Based on their work, the authors conclude that a substantial subset of patients with advanced-stage follicular lymphoma can, when treated with a standard regimen that includes immunotherapy and chemotherapy, achieve a functional cure – defined as having no chance of lymphoma recurring during the patient’s expected lifespan.
“These results reinforce that front-line chemoimmunotherapy remains an important option – particularly for appropriate patients – because it can deliver long-term disease control after a time-limited course of treatment, ” said first author Mazyar Shadman, MD, MPH, of Fred Hutch Cancer Center. Shadman is medical director of cellular immunotherapy at Fred Hutch, where he holds the Innovators Network Endowed Chair.
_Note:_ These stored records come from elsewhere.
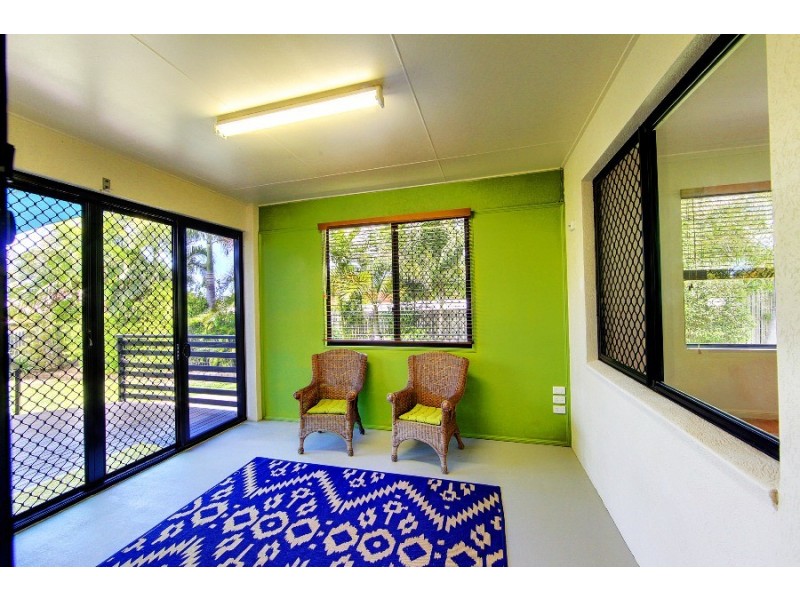 16 Monaro Circuit, Mount Louisa QLD 4814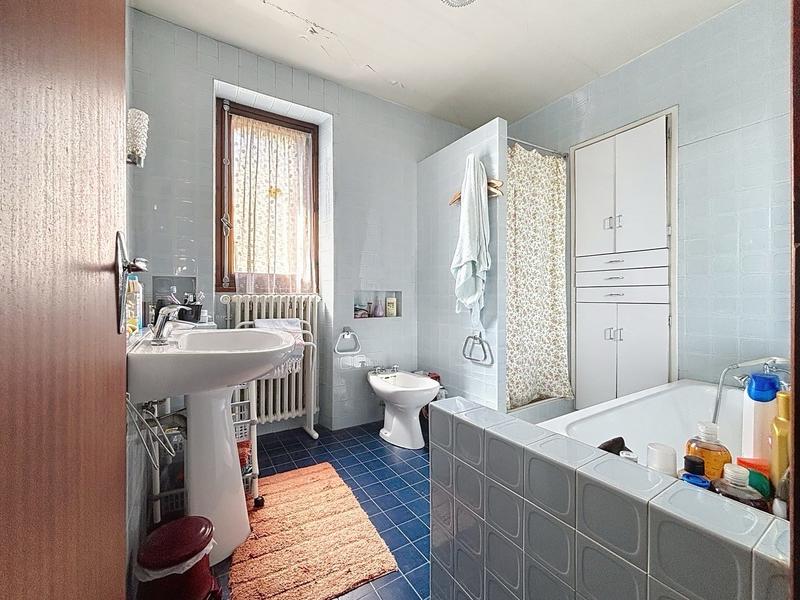 Maison - 210 m² - 8 pièces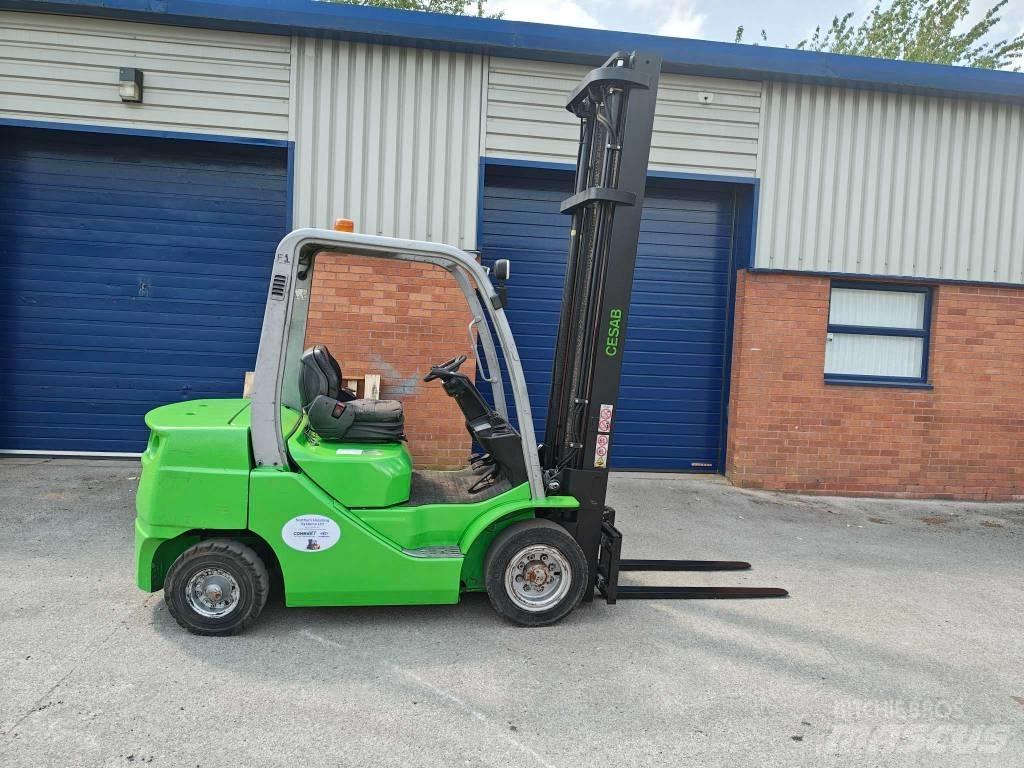 Cesab M 325 Chariots diesel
“As we bring novel agents into the first-line setting, the durability seen here sets a high benchmark; new strategies should aim not only to improve short-term response rates but to match or exceed long-term remission and cure potential.”
The idea that many of these patients can be cured could change how newly diagnosed patients are counseled and could eliminate the need for indefinite oncology and radiologic follow-up visits after treatment, with patients eventually transitioning from oncology care back to a primary care team.